Only what runs from the line with "Zdjęcie przedstawia Alexandrę" to the end of the data should appear in the answer, exactly as written and without pictures.

Segment Open

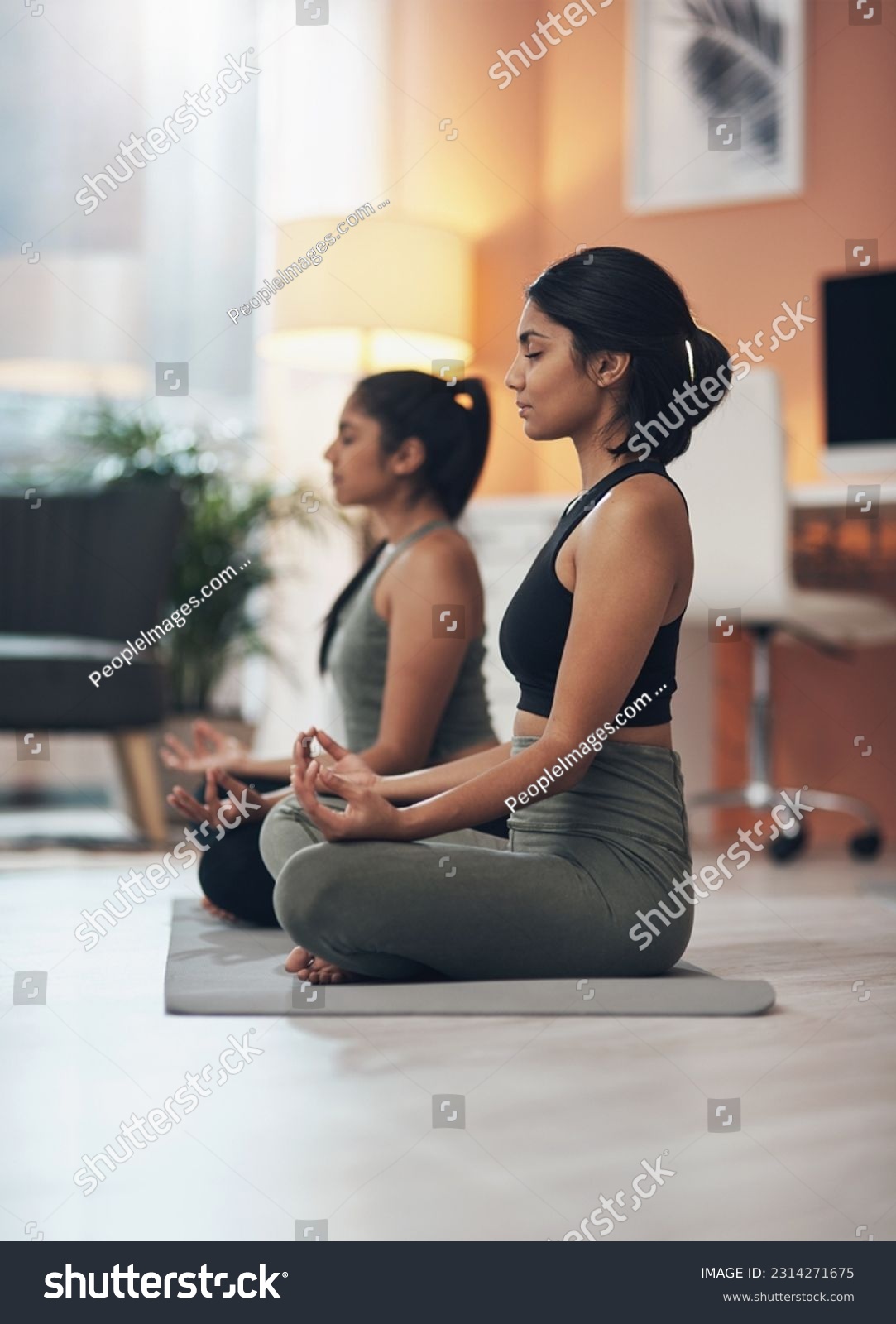 Friends, meditation and zen women together in a house for mindfulness, health and relax wellness. Indian sisters or female family meditate in lounge for yoga, lotus and mental health balance at home #2314271675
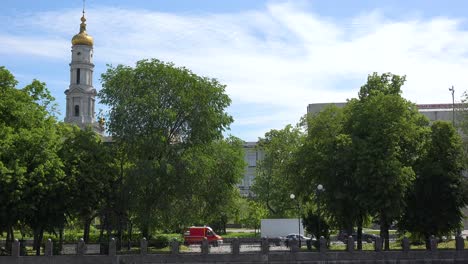 Dormition-Cathedral-Church-Gold-Domes-In-Central-Kharkiv,-Ukraine-With-Street-Traffic-Foreground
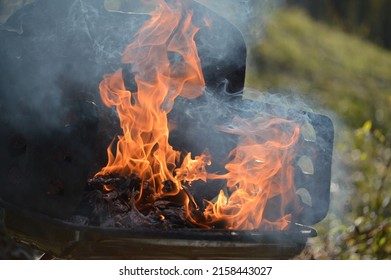 Charcoal Grill Closeup. Fire Flame. Summer Season. Precautionary Measures. 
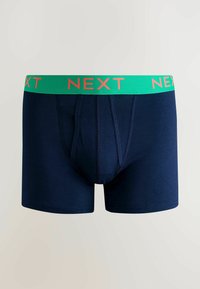 Námořnické bavlněné boxerky se zeleným elastickým pasem, na kterém je nápis "NEXT" v oranžové barvě. Mají přední kapsu a švy jako detaily.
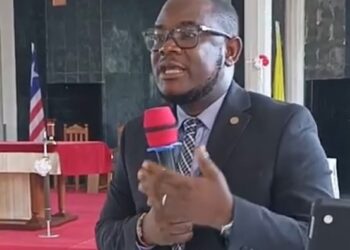 Deputy Finance Minister Bill McGill Jones delivers the keynote address at St. Martin Catholic High School’s graduation in Gbarnga, Bong County.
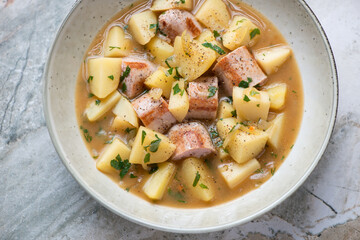 Plate of Dublin coddle or Irish sausage and potato stew, horizontal shot on a grey granite surface, elevated view, middle close-up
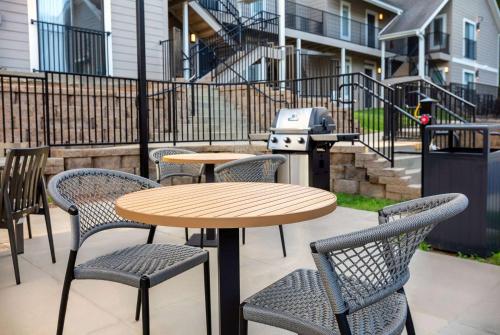a table and chairs and a grill on a patio at WaterWalk Extended Stay by Wyndham Atlanta Perimeter in Atlanta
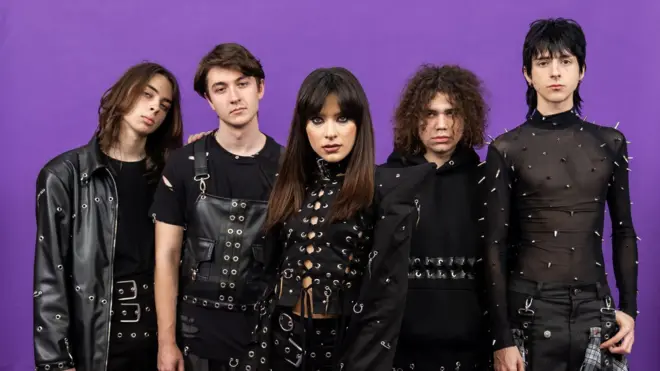 Zdjęcie przedstawia Alexandrę Căpitănescu z zespołem na fioletowym tle. Noszą czarne, skórzane i siatkowe stroje i patrzą prosto w obiektyw. 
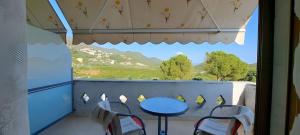 a table and chairs on a balcony with a view at Roptro Rooms in Parga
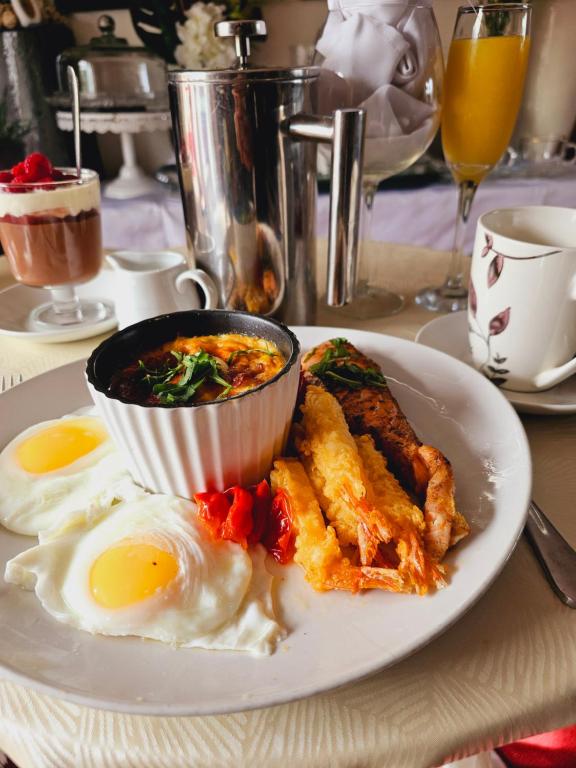 a plate of food with eggs and meat on a table at Cuisinease in Ollerton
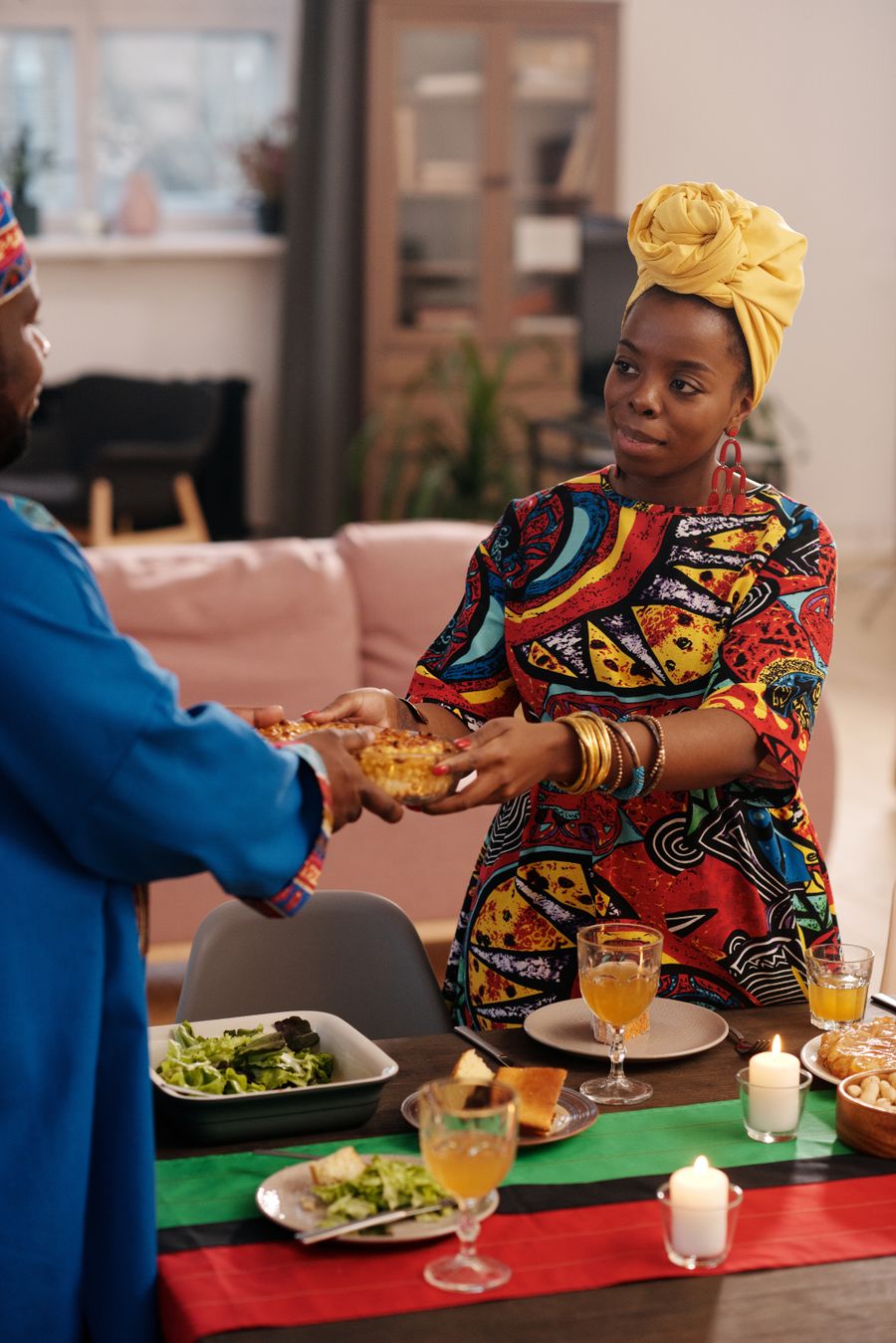 African community members in traditional attire sharing food together indoors in America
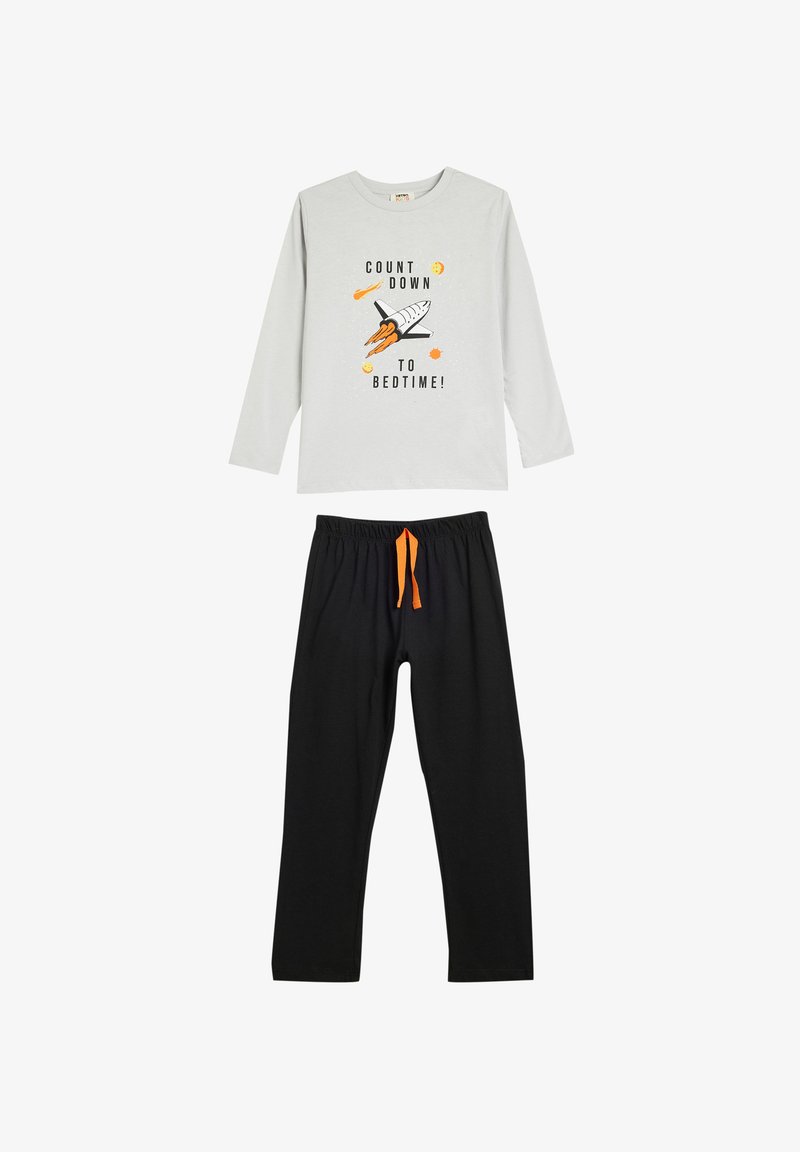 Light gray long-sleeve shirt with rocket graphic and black pajama pants featuring an orange drawstring. Cotton fabric, casual fit.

Segment Closed

■ Exercise result:
 Zdjęcie przedstawia Alexandrę Căpitănescu z zespołem na fioletowym tle. Noszą czarne, skórzane i siatkowe stroje i patrzą prosto w obiektyw. 
 a table and chairs on a balcony with a view at Roptro Rooms in Parga
 a plate of food with eggs and meat on a table at Cuisinease in Ollerton
 African community members in traditional attire sharing food together indoors in America
 Light gray long-sleeve shirt with rocket graphic and black pajama pants featuring an orange drawstring. Cotton fabric, casual fit.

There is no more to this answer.